Journalist Liu Mei-yu (劉美妤) said she initiated the Taipei project to protest against Facebook’s censorship rules after she was banned from posting content on her page for three days after sharing an article about the FreeTheNipple campaign that contained several images of topless women.
She said she backed the campaign’s appeal that the female body should be accepted in a non-sexualized way.
“I understand that the human body can naturally never be completely separated from sexuality, but sexuality should not be everything,” Liu said.
“What we are trying to communicate is that people’s bodies come in all shapes and sizes; the ways in which people engage in dialogue with their own bodies, or their sense of beauty, should not be singular or absolute,” Liu said.

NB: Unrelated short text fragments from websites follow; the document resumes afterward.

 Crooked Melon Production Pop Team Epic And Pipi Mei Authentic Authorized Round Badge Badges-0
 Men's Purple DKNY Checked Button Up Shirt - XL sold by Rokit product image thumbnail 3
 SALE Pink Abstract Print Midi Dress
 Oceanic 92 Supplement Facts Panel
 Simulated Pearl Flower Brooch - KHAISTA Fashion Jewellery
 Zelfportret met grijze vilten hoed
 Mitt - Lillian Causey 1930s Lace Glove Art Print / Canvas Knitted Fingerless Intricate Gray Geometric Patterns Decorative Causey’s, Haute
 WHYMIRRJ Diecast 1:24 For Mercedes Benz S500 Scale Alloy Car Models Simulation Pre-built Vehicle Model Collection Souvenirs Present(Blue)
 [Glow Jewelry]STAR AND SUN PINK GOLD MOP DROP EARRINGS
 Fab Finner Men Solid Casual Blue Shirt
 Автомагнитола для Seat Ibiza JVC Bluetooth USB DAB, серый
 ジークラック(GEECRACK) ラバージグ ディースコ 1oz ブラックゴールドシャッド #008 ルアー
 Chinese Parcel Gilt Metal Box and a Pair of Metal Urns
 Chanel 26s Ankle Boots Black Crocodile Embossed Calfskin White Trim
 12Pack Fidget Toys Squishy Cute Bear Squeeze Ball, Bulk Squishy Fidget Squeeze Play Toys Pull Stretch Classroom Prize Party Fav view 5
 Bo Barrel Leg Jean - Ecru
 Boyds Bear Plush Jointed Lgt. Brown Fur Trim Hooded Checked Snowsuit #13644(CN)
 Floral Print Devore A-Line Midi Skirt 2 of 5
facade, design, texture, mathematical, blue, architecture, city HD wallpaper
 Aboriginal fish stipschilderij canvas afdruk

The Taipei photographs were taken by former Storm Media correspondent Wang Li-jou (王立柔) and featured Liu along with hairstylist Sung Chin-yi (宋晉儀), make-up artist Ting Te-ching (丁德競) and non-governmental organization worker Lin Yu-hsuan (林郁璇) chatting, eating snacks and listening to music, barechested.
The five women have complained that local media coverage of their efforts exaggerated and distorted their intentions.
They criticized an article published on Sunday in the Chinese-language Apple Daily, which Wang said highlighted the media’s inability to handle female nudity without resorting to sensationalism.